Would you repeat every line of the material exactly?
# # # #
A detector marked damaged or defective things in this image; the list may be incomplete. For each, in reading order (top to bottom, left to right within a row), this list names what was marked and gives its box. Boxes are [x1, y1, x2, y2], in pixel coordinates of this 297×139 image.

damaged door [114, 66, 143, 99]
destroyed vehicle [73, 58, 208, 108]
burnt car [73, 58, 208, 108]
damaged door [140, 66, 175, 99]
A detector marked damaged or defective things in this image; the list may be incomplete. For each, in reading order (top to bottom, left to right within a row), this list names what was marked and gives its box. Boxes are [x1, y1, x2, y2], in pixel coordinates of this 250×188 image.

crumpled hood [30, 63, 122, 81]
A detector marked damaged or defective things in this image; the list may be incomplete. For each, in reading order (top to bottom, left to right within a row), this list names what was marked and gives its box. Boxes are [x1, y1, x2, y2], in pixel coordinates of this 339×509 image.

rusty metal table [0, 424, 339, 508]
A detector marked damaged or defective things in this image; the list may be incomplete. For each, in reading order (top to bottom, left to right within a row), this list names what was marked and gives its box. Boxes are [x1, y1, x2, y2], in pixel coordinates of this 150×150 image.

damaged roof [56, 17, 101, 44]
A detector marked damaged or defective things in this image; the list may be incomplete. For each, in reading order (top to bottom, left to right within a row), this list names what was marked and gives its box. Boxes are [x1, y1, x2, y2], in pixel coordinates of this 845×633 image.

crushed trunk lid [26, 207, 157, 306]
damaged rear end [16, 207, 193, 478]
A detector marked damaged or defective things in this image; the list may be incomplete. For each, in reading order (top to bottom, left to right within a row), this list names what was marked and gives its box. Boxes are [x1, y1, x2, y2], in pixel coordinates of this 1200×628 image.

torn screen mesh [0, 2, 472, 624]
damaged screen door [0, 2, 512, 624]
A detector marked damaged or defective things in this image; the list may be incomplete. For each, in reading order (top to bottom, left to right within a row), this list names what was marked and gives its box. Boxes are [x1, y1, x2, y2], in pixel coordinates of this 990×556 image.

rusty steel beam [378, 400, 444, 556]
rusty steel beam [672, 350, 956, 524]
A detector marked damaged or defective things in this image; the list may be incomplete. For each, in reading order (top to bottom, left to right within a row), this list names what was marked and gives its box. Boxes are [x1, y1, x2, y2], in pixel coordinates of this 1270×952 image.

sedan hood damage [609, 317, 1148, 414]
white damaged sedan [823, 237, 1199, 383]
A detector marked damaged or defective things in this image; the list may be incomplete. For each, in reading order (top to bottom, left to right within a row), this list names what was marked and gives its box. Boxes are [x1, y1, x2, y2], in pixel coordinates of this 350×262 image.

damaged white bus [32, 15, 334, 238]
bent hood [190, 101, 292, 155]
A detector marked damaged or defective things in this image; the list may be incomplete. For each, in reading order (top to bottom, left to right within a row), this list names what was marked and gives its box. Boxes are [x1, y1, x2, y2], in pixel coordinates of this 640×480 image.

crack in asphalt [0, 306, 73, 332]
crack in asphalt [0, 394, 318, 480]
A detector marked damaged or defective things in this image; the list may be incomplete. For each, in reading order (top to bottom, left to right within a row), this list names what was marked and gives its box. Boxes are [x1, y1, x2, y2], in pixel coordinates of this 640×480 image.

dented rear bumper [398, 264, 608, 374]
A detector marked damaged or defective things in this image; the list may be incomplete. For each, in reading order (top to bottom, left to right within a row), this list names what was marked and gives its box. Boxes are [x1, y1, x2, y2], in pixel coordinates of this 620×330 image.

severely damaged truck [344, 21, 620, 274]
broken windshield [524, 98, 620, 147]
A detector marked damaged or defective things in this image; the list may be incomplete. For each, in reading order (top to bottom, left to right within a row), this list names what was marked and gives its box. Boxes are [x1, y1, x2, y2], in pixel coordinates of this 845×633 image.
# # # #
» **Written solution**
A detector marked damaged or defective things in this image; the list may be incomplete. For each, in reading order (top to bottom, left to right within a row), this list names what was marked and gives its box. Boxes are [x1, y1, x2, y2], in pixel coordinates of this 297×139 image.

damaged door [114, 66, 143, 99]
destroyed vehicle [73, 58, 208, 108]
burnt car [73, 58, 208, 108]
damaged door [140, 66, 175, 99]
A detector marked damaged or defective things in this image; the list may be incomplete. For each, in reading order (top to bottom, left to right within a row), this list names what was marked and gives its box. Boxes are [x1, y1, x2, y2], in pixel coordinates of this 250×188 image.

crumpled hood [30, 63, 122, 81]
A detector marked damaged or defective things in this image; the list may be incomplete. For each, in reading order (top to bottom, left to right within a row), this list names what was marked and gives its box. Boxes are [x1, y1, x2, y2], in pixel coordinates of this 339×509 image.

rusty metal table [0, 424, 339, 508]
A detector marked damaged or defective things in this image; the list may be incomplete. For each, in reading order (top to bottom, left to right within a row), this list names what was marked and gives its box. Boxes are [x1, y1, x2, y2], in pixel coordinates of this 150×150 image.

damaged roof [56, 17, 101, 44]
A detector marked damaged or defective things in this image; the list may be incomplete. For each, in reading order (top to bottom, left to right within a row), this list names what was marked and gives its box. Boxes are [x1, y1, x2, y2], in pixel coordinates of this 845×633 image.

crushed trunk lid [26, 207, 157, 306]
damaged rear end [16, 207, 193, 478]
A detector marked damaged or defective things in this image; the list may be incomplete. For each, in reading order (top to bottom, left to right within a row), this list names what was marked and gives its box. Boxes are [x1, y1, x2, y2], in pixel coordinates of this 1200×628 image.

torn screen mesh [0, 2, 472, 624]
damaged screen door [0, 2, 512, 624]
A detector marked damaged or defective things in this image; the list may be incomplete. For each, in reading order (top to bottom, left to right within a row), this list names what was marked and gives its box. Boxes are [x1, y1, x2, y2], in pixel coordinates of this 990×556 image.

rusty steel beam [378, 400, 444, 556]
rusty steel beam [672, 350, 956, 524]
A detector marked damaged or defective things in this image; the list may be incomplete. For each, in reading order (top to bottom, left to right within a row), this list names what was marked and gives its box. Boxes are [x1, y1, x2, y2], in pixel coordinates of this 1270×952 image.

sedan hood damage [609, 317, 1148, 414]
white damaged sedan [823, 237, 1199, 383]
A detector marked damaged or defective things in this image; the list may be incomplete. For each, in reading order (top to bottom, left to right within a row), this list names what was marked and gives its box. Boxes are [x1, y1, x2, y2], in pixel coordinates of this 350×262 image.

damaged white bus [32, 15, 334, 238]
bent hood [190, 101, 292, 155]
A detector marked damaged or defective things in this image; the list may be incomplete. For each, in reading order (top to bottom, left to right within a row), this list names what was marked and gives its box. Boxes are [x1, y1, x2, y2], in pixel coordinates of this 640×480 image.

crack in asphalt [0, 306, 73, 332]
crack in asphalt [0, 394, 318, 480]
A detector marked damaged or defective things in this image; the list may be incomplete. For each, in reading order (top to bottom, left to right within a row), this list names what was marked and gives its box. Boxes are [x1, y1, x2, y2], in pixel coordinates of this 640×480 image.

dented rear bumper [398, 264, 608, 374]
A detector marked damaged or defective things in this image; the list may be incomplete. For each, in reading order (top to bottom, left to right within a row), this list names what was marked and gives its box. Boxes are [x1, y1, x2, y2], in pixel coordinates of this 620×330 image.

severely damaged truck [344, 21, 620, 274]
broken windshield [524, 98, 620, 147]
A detector marked damaged or defective things in this image; the list may be incomplete. For each, in reading order (top to bottom, left to right within a row), this list names what was marked and gives its box. Boxes are [x1, y1, x2, y2], in pixel coordinates of this 845×633 image.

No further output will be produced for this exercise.